Moore appeals his conviction of robbery with a firearm. He argues the trial court erred in limiting the cross-examination of two prosecution witnesses, Mainor and Thompson; in denying his presentation of collateral witnesses to impeach the two witnesses’ identification of Moore as a perpetrator of the criminal acts charged; and in curtailing defense counsel’s closing argument to the jury that a police officer pointed Moore out to Mainor and Thompson at a preliminary hearing. We reverse.
The crucial issue in this case was the accuracy of Mainor’s and Thompson’s eyewitness identifications of Moore. There were no fingerprints, stolen property in Moore’s possession, or testimony of other witnesses linking Moore to the crimes. Mainor and Thompson testified that late one evening, three men appeared on Thompson’s front porch. One pulled out a firearm and forced Thompson to let them enter the house. No lights were on in the house or on the porch. The three intruders took Mainor, Thompson's girlfriend, into the bedroom. Mainor testified two of them raped her. They turned on a blue light in the bedroom and searched until they found money Thompson had concealed in his bureau drawer.
Mainor and Thompson first identified Moore and two others, Lewis Williams and Jeremiah Jones, from photographs at the police department.

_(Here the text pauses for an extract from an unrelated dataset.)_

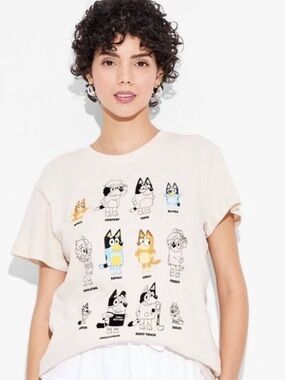 Bluey Graphic Tee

The trial of Williams was severed from the others. Jones • and Moore were tried together three times, each resulting in a mistrial for various reasons. At the time of this (Moore’s fourth) trial, Lewis Williams was deceased, but before he died, the state “nolle-prossed” the charges against him because evidence was discovered which made Mainor’s and Thompson’s identification of Williams highly suspicious. Mainor had identified Lewis Williams as the man who first raped her, spoke to her at length and attempted to kiss her. However, Dr. P. T. Fleuchaus was prepared to testify that he operated on Lewis for a gunshot wound in the face and mandible area, and that on the day prior to the robbery, Lewis had large horizontal silver metal bars on his teeth to hold his jaw bone in place. Lewis could not open his mouth except a small amount, nor could he speak plainly.

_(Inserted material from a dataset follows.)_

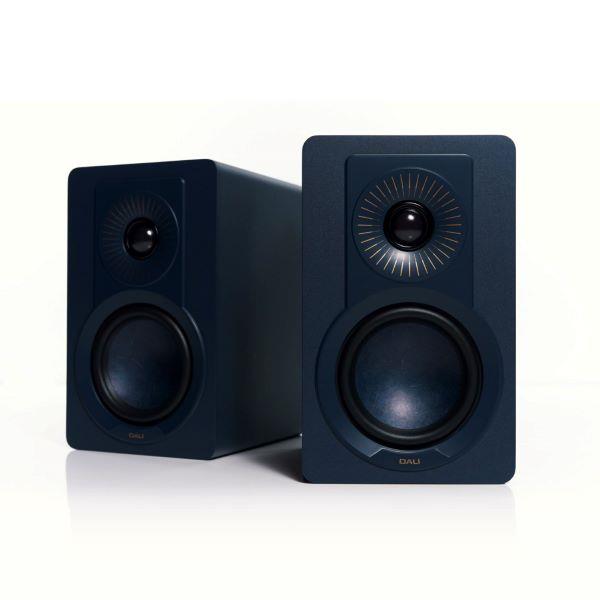 DALI ブックシェルフスピーカー DALI ブックシェルフスピーカー KUPID チリー・ブルー ペア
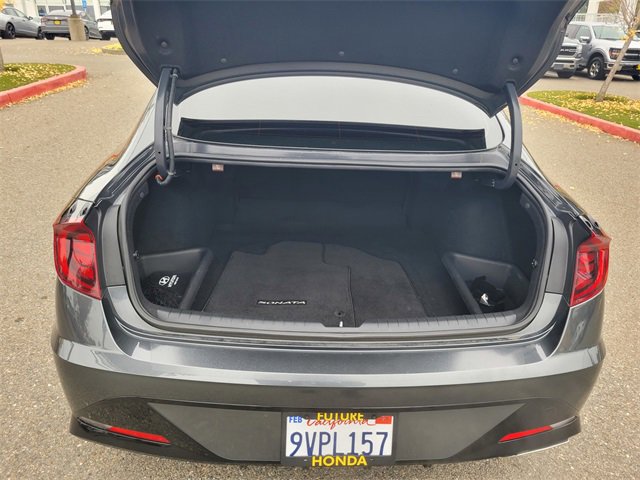 Used 2022 Hyundai Sonata SEL w/ Preferred Accessory Package image 11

At the trial, defense counsel sought to cross-examine Thompson and Mainor about the actions of the two other men during the crime, but the trial court sustained the prosecution’s objections that testimony concerning the actions of other persons who were not party defendants was irrelevant and immaterial. The trial court also excluded the proffered testimony of Dr. Fleu-chaus concerning the physical condition of Lewis Williams on the date of the crime, because it was “outside” or “extemporaneous” to Moore’s trial. Moore sought to show he was in Sanford with relatives on the night of the robbery. He said the first time he saw Mainor was at a preliminary hearing after his arrest. He saw a detective pointing him out to Mainor and Thomp*592son in the courtroom. Defense counsel tried to refer to this testimony in his closing argument, but the state objected. The trial court sustained the objection, saying “I don’t recall any testimony as being incumbent upon his conduct at any time during the course of the trial.”

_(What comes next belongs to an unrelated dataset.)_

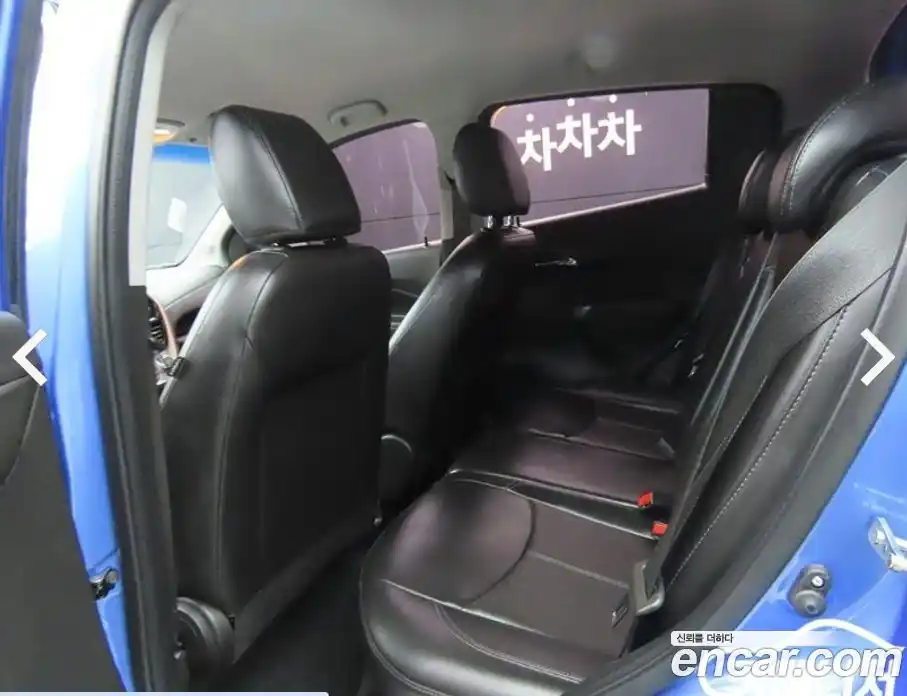 Chevrolet Spark 2018 1.0 Автомат в Москве № 91903, фото 11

Taken together, these rulings denied Moore a fair trial. Foster v. Perry, 71 Fla. 155, 70 So. 1007 (1916). Evidence relating to actions of co-perpetrators of a crime are clearly admissible against a defendant. Gilbert v. State, 311 So.2d 384 (Fla.3d DCA 1975); Hennessy v. State, 198 So.2d 37 (Fla.3d DCA 1967). There is no logic in excluding it when the defendant seeks its presentation. Moore sought to attack the accuracy of Mainor’s and Thompson’s identification of him as one of the intruders the night of the robbery. He was entitled to challenge their identification on cross-examination, and by presenting testimony to impeach its accuracy.1 The mistaken identification of Lewis Williams was neither “collateral” nor “irrelevant,” since it cast doubt on Mainor’s and Thompson’s ability to identify any of the defendants.2 The state recognized this when it decided not to prosecute Williams. The assistant state attorney said: “. . . subsequent prosecution would not meet the ends of justice, and could endanger the successful prosecution of the other defendants . .” (Emphasis supplied).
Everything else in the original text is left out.